Zero hours contractual rights
This will depend entirely on whether your staff are defined as an employee or a worker. Both are entitled to minimum wage, paid holidays, rest breaks and protection against discrimination. Employees are additionally entitled to protection against unfair dismissal, redundancy pay and time off for emergencies. Employees also need to provide a minimum notice period.
One area of contention for zero hours workers is that they feel they are ‘punished’ for not accepting hours that are offered. This is often in the form of moving down the list when the next set of hours becomes available.
If you’re looking at taking on the zero hours template then it pays to be flexible. When taking on workers try to understand their availability while also getting across your expectations. For instance, if you often require someone at the drop of a hat but the worker is dependent on public transport it may be worth managing your expectations. Likewise, if someone repeatedly turns down work they need to be made aware that they will no longer be offered hours going forward.
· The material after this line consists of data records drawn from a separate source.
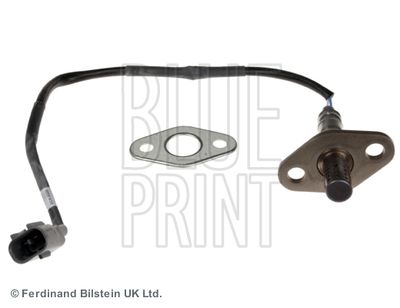 Lambda sensor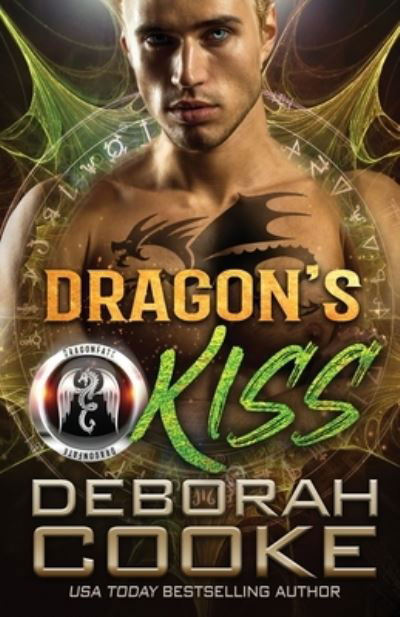 Cover for Deborah Cooke · Dragon's Kiss (Taschenbuch) (2019)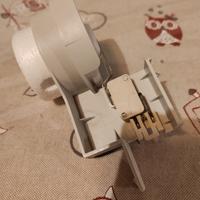 Galleggiante antitrabocco lavastoviglie hotpoint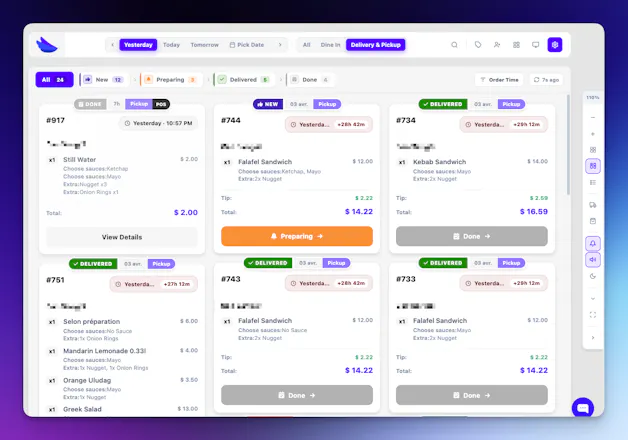 Codeorder.io gallery image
Above all else, zero hours contracts should be reviewed on a regular basis. If you find that you have the ability to take someone on a full or part time contract, do so. It will show people that their hard work and loyalty does pay off.
Be honest regarding your requirements. A few hours a week may suit a student, but someone who has a family to support or bills to pay may find waiting around frustrating. Don’t overload with zero hours contracts as you may find that you alienate more talented individuals by playing the odds.